Work order:
An exact restatement of the data below, with the pictures removed, is the required answer.

Given information:
------------------------------------

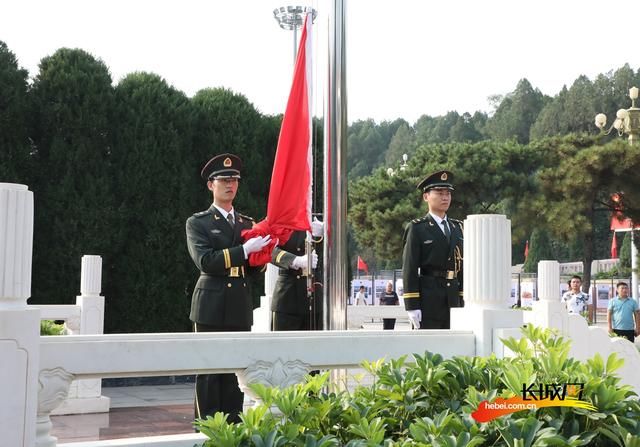 高清大图！参观者在西柏坡纪念馆观看阅兵式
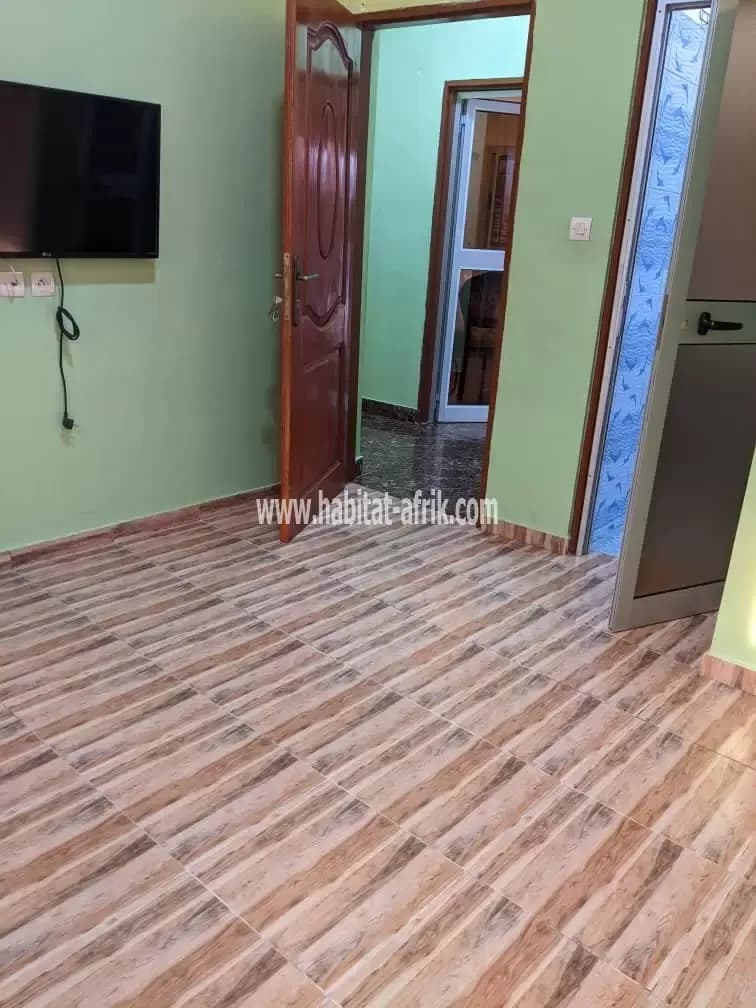 A louer mini villa de 3 chambres salon douche wc a atsiegou savoir lole togo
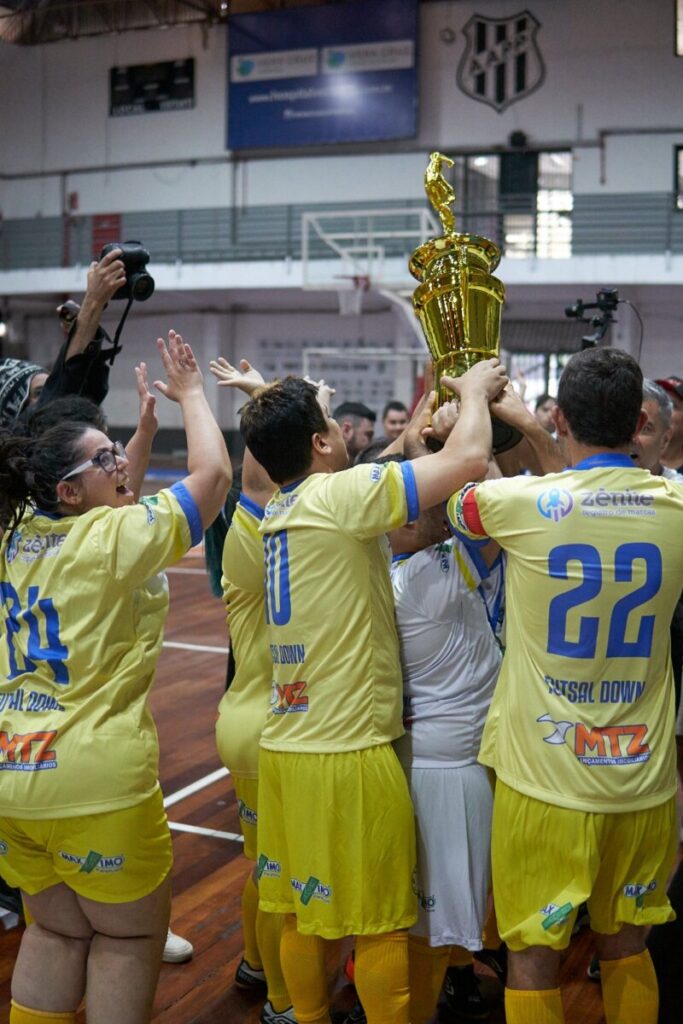 O melhor jogador de futsal down no mundo é brasileiro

------------------------------------

Task answer:
 高清大图！参观者在西柏坡纪念馆观看阅兵式
 A louer mini villa de 3 chambres salon douche wc a atsiegou savoir lole togo
 O melhor jogador de futsal down no mundo é brasileiro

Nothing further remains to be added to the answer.